The Days of His Grace
- First US edition
- Author: Eyvind Johnson
- Original title: Hans nådes tid
- Translator: Elspeth Harley Schubert
- Language: Swedish
- Set in: Italy
- Published: 1960
- Publisher: Vanguard Press (US)
- Publication place: Sweden
- Published in English: 1968
- Awards: Nordic Council's Literature Prize of 1962

= The Days of His Grace =

1960 novel by Eyvind Johnson

The Days of His Grace (Hans nådes tid) is a 1960 novel by Swedish writer Eyvind Johnson. Set mostly in northern Italy, close to Aquileia, it tells the story of the fate of a Langobard family as their homeland falls under the domination of Charlemagne. The major theme running through the book is the way the actions of the various characters are influenced by love, but also the difficulty of adapting to the arbitrary and overbearing power of absolute monarchy. The novel, translated into English by Elspeth Harley Schubert and published in 1968, is based somewhat on Charlemagne conquering northern Italy in 775. In its introductory remarks, Johnson acknowledges the historical plot, and his altering some dates. The central story follows the Lupigis family and the difficult fates they suffer following a rebellion against Emperor Charlemagne.

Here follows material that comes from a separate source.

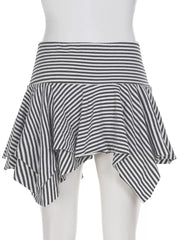 Asymmetrical hem mini skirt with black and white stripes and a tiered, ruffled design.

The novel received critical acclaim and the Nordic Council Literature Prize. The Swedish National Encyclopedia states that it was presumably of decisive importance for the Swedish Academy's decision to award Johnson the Nobel Prize for Literature.

==Background==
Eyvind Johnson had been interested in the history of the Langobards since his youth, and had already in 1923 acquired a German translation of Paul the Deacon's Historia Langobardorum. Since the 1930s Johnson had plans to write a novel about the times of Charlemagne, but due to other projects this idea was not realised until much later. Johnson started writing The Days of his Grace in 1957 and finished it in May 1960. Prior to the publication in September 1960, two excerpts from the novel was published in the Swedish literary magazine Bonniers litterära magasin in 1959 and 1960 respectively.

==Plot==
Duke Rodgaud—cousin of Bertold, castle in Forojuli (contemporary name, Cividale, Italy), starts a rebellion against King Carolus, that is quickly put down. He is executed by the Franks in Papia, summer, 776. Angilperta (“Angila”), the daughter of Rodgaud and Giseverga, is loved by the three Lupigi boys. She cannot be found during the rebellion, but becomes post-rebellion the wife of the Lord of East Burgundy, Gunderic, her name becoming Landoalda. She has Radbert as a lover, has two children, Landoald and Gisertruda, who die young, and a third child, Radaberta is given away. Gunderic imprisons her in the castle tower for seven years, after which Perto comes with an order from King Carolus to let her return to Forojuli. She dies on that trip back to her childhood home.
Bertold Lupigi, cousin of Duke Rodgaud. The family name, Lupigi comes from wolf, loup. He disappears in the rebellion and is found in a dungeon. He is freed from prison, post-rebellion, in 793, but is killed by an avalanche. Perto, son of Liuta and Bertold, is 16 years old at the novel's beginning, the youngest of three brothers. He loves Angila. He is also named Johannes Lupigis, more so as the novel progresses. During the rebellion, he manages to escape the Franks who kill his friend Sinauld. He visits Angilperta with Agibert in the autumn of 783, and sleeps with Angilperta. Late autumn 783 he arrives in Aquisgranum, where there is a royal college. He meets King Carolus and decides he is “indeed great.” Perto goes to Totonisvilla where his brother Warnefrit is in prison, but is seized by guards as he leaves the prison. In prison for three and a half years, in total darkness of the prison cell, he creates a vision of a flowering bush. Then he dines with the Devil, who tempts him. He is released from jail at the age of 31 and goes to Aquisgranum where his Uncle Anselm explains the reasons for his imprisonment. He becomes part of King Carolus's Court again, and eventually gets an order allowing Angilperta to return to her childhood home. Warnefrit, the son of Liuta and Bertold, the oldest of three brothers, likes relations with slave women. He becomes engaged to Angila. All of chapter 16 is his angry and frustrated monologue as heir to his father. He disappears in the rebellion and is found in a dungeon, where he remains for over ten years post-rebellion. His brother Perto comes to get him from prison, though he does not recognize Perto. Eranbald brings Warnefrit to Gudneric, where Angilperta is, and they all dine together though Warnefrit does not seem to recognize Angilperta. Healthy again, he defends the kingdom against Huns.

==Critical reception==
Upon its publication in 1960, The Days of his Grace received unanimous praise by nearly all of the leading Swedish literary critics who deemed it a highpoint in Johnson's literary career. The novel was awarded the Nordic Council Literature Prize in 1962 and was translated to Danish, Norwegian, Finnish, German and English.